BEGIN EXERCISE MATERIAL

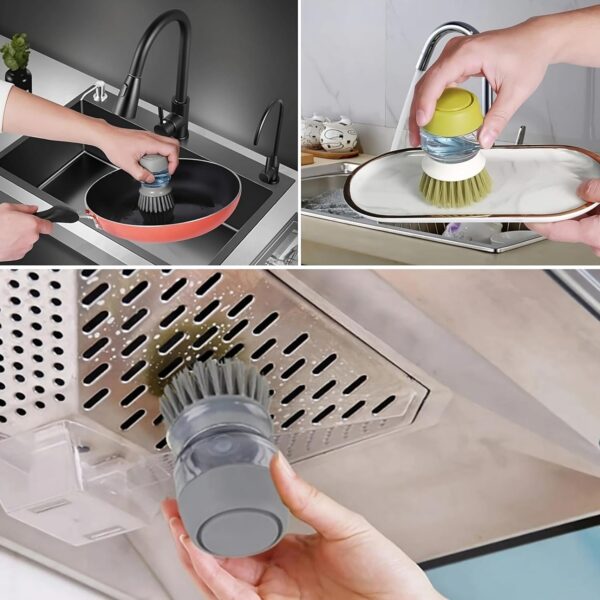 Cleaning Brush with Soap Dispenser for Kitchen, Sink, Dish Washer with Storage Stand|Plastic Cleaning Brush with soap - Image 7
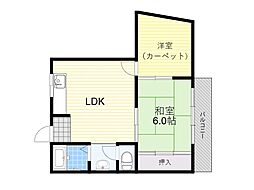 タナカ産業ビル2号館 2LDKの間取図画像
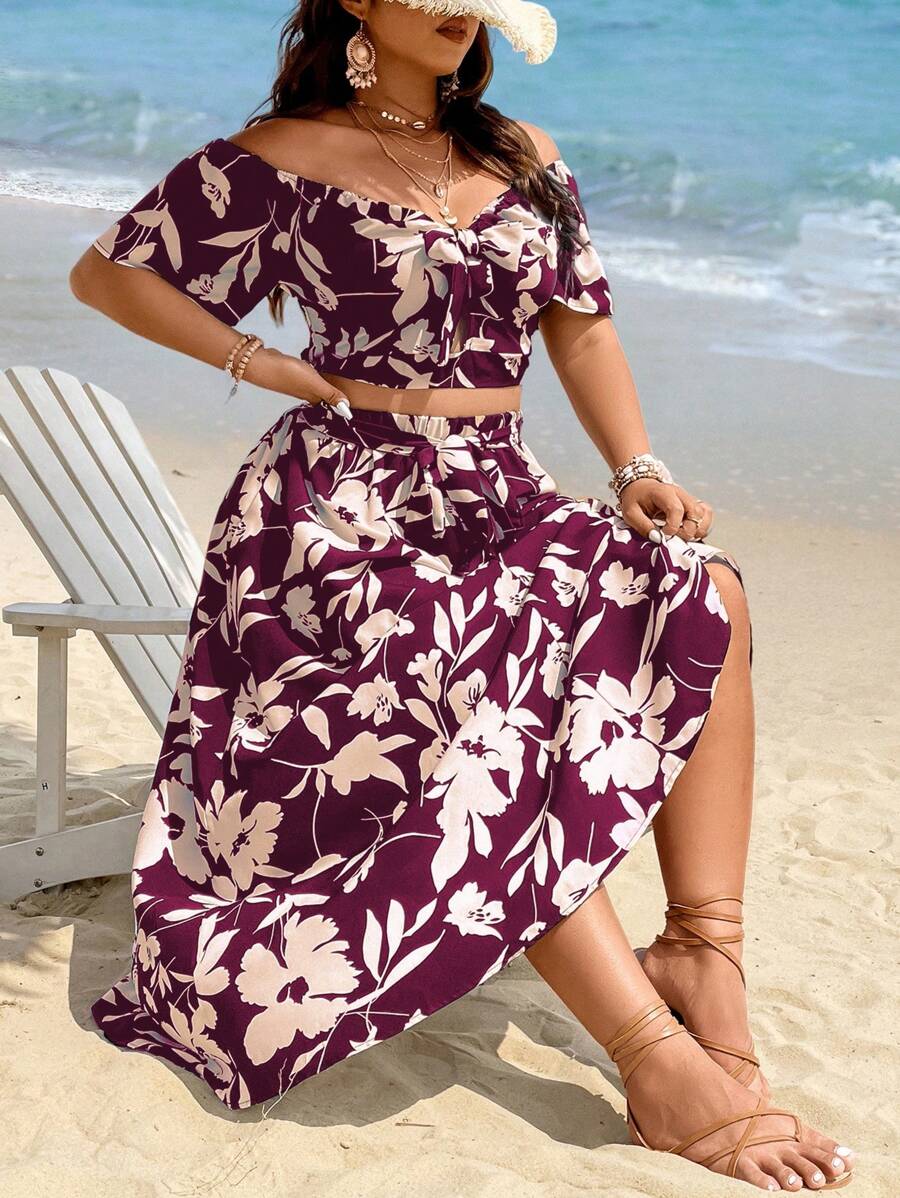 SHEIN Holidaya Bộ thời trang Plus Size xoắn lại Dải chun Thắt nơ trước Hoa Tất cả trên in Boho - Màu Đỏ Sâu - Xem 1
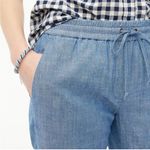J.Crew NWT  Chambray Drawstring Cotton Pants Medium Echo Blue Wash Photo 3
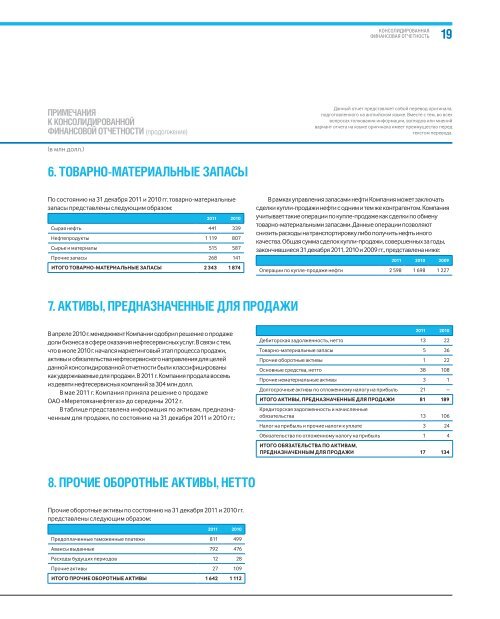 Финансовый отчет 2011 - Газпром нефть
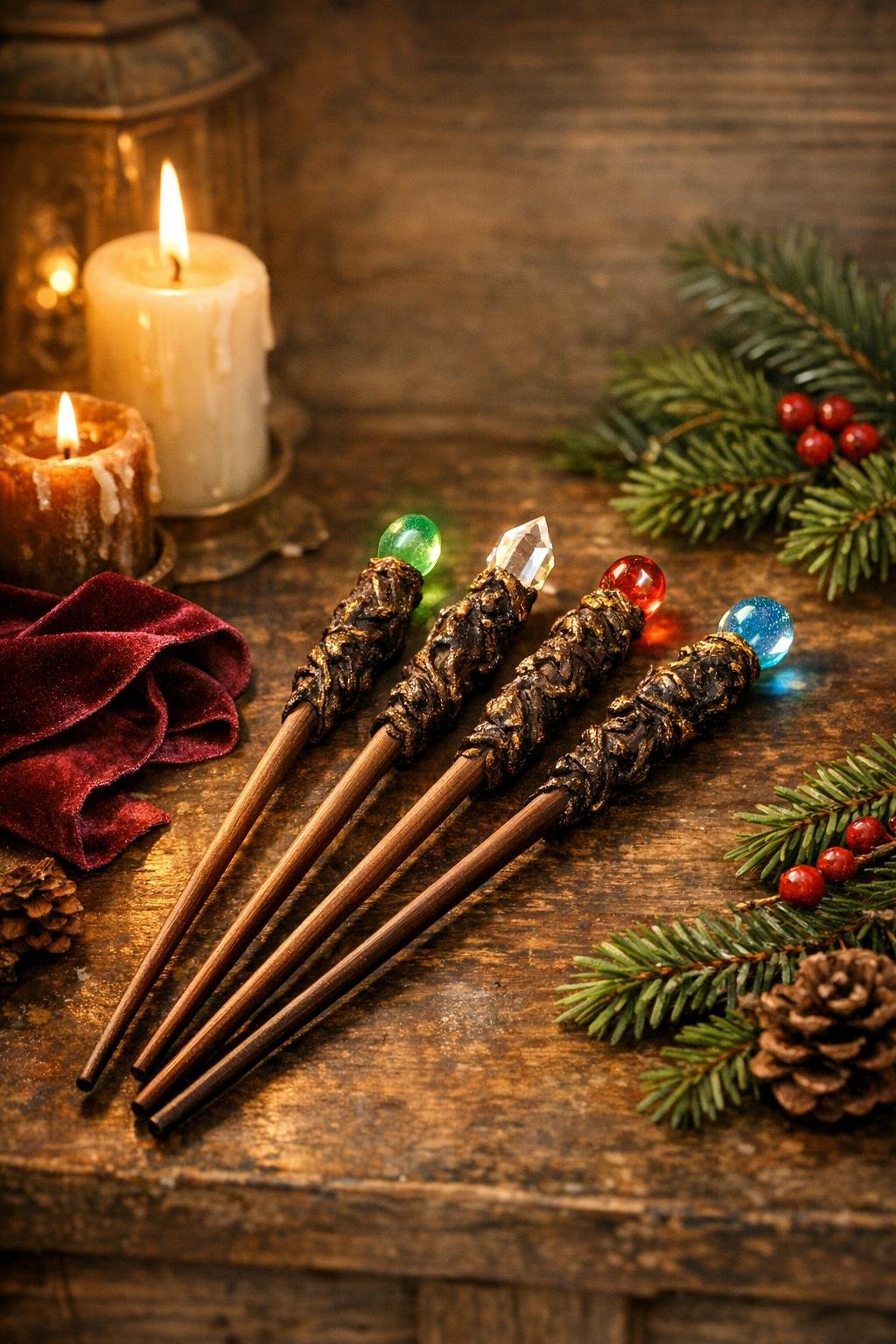 Finished enchanted witch wands displayed together with gem tops and gold-highlighted handles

END EXERCISE MATERIAL

• [YOUR INSTRUCTIONS] Without the pictures, restate each entry exactly.

• [TASK RESPONSE]
 Cleaning Brush with Soap Dispenser for Kitchen, Sink, Dish Washer with Storage Stand|Plastic Cleaning Brush with soap - Image 7
 タナカ産業ビル2号館 2LDKの間取図画像
 SHEIN Holidaya Bộ thời trang Plus Size xoắn lại Dải chun Thắt nơ trước Hoa Tất cả trên in Boho - Màu Đỏ Sâu - Xem 1
J.Crew NWT  Chambray Drawstring Cotton Pants Medium Echo Blue Wash Photo 3
 Финансовый отчет 2011 - Газпром нефть
 Finished enchanted witch wands displayed together with gem tops and gold-highlighted handles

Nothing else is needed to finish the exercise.